Un marin façonné par la mer
Né le 24 juillet 1931 à Nantes, Éric Tabarly découvre très jeune l’appel du large. À sept ans, il tombe amoureux d’un voilier centenaire, Pen Duick, que son père finit par lui offrir. Ce bateau deviendra le fil rouge d’une vie consacrée à la navigation. Pour restaurer ce yacht usé, Tabarly s’engage dans la Marine nationale, devient pilote dans l’aéronavale, puis multiplie les missions en Indochine. Il rêve de traverser les océans. En 1964, il remporte la Transat anglaise en solitaire, à bord de Pen Duick II, devenant instantanément une légende. La victoire est d’autant plus marquante qu’elle est obtenue à la force des bras, dans une tempête, avec un bateau léger que beaucoup jugeaient inadapté.
Dans les années qui suivent, il construit une série de voiliers novateurs, toujours baptisés Pen Duick, du III au VI, puis Paul Ricard. Aluminium, multicoques, gréements audacieux, ballasts : Tabarly est un pionnier, toujours à l’avant-garde. Il domine les plus grandes courses au large, de la Sydney-Hobart au Fastnet, et devient une référence pour toute une génération de navigateurs, dont Olivier de Kersauson et Marc Pajot. Son art de la mer se double d’un style de commandement sobre mais ferme, où la compétence prime sur la notoriété. Naviguer avec Tabarly, c’est apprendre, se surpasser et entrer dans la légende.
Une disparition en mer, une légende intacte
En juin 1998, à bord de Pen Duick (le tout premier, restauré), Tabarly convie quelques amis pour rallier l’Écosse et participer à une régate de vieux gréements. La nuit du 12 au 13 juin, une forte vague le projette à la mer. Son équipage ne parvient pas à le retrouver malgré des recherches immédiates. Son corps ne sera repêché qu’un mois plus tard, le 18 juillet, par un chalutier irlandais. Cette fin, tragique mais presque écrite, scelle l’image d’un homme entièrement voué à l’océan.
Tabarly n’était pas un homme de spectacle. Il refusait les interviews, les sponsors trop visibles, les effets de manche.
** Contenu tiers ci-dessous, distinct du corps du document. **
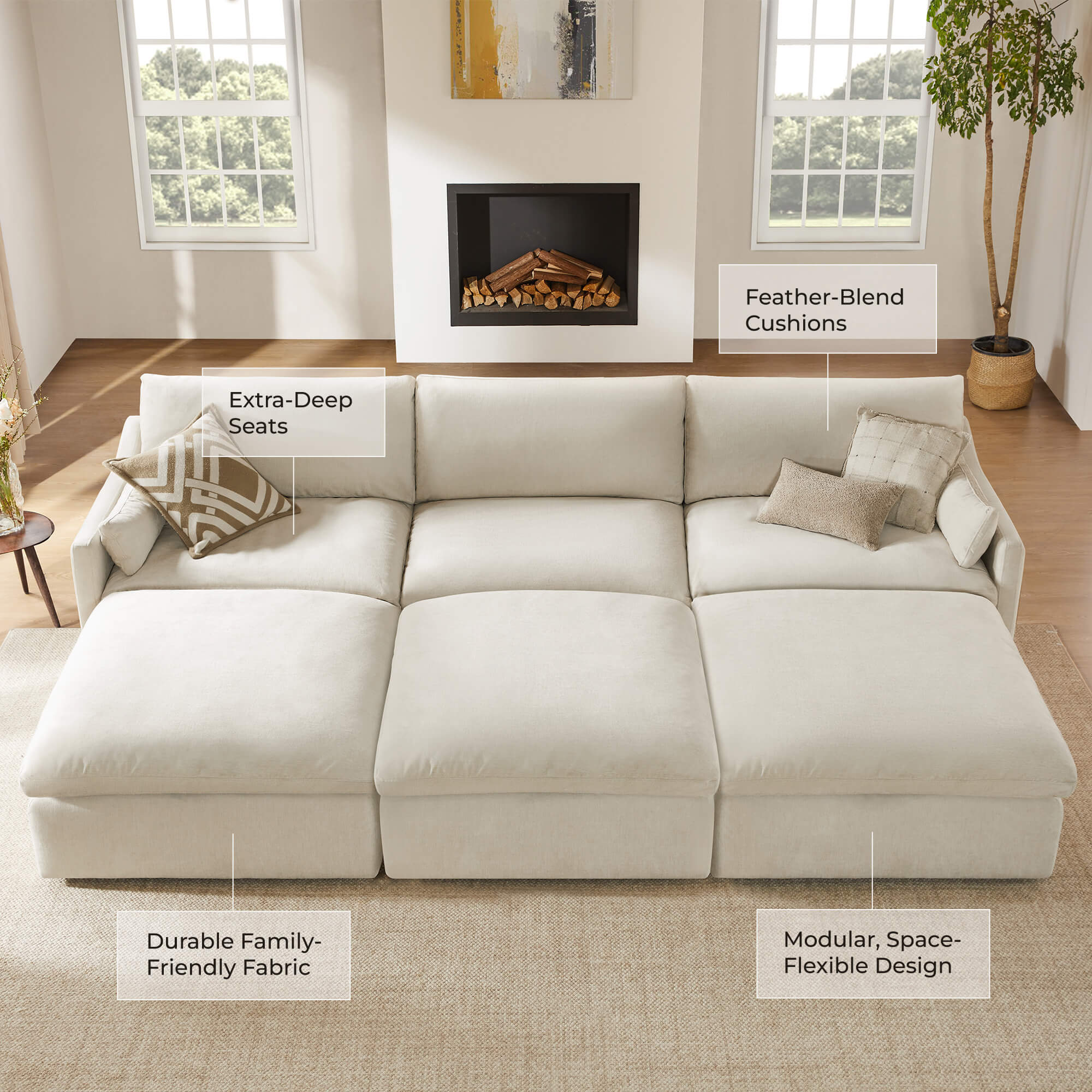Kenna Modular 6 Seat Sofa Pit Sectional - Image 11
Mais il a conquis les Français par sa constance, son courage, son humilité. Officier de la Marine, ingénieur de génie, navigateur visionnaire, il incarne l’excellence et la liberté. À sa mort, une cérémonie nationale lui est dédiée aux Invalides, puis en mer. Son héritage, lui, continue de voguer sur les flots, dans chaque course au large, dans chaque rêve de marin.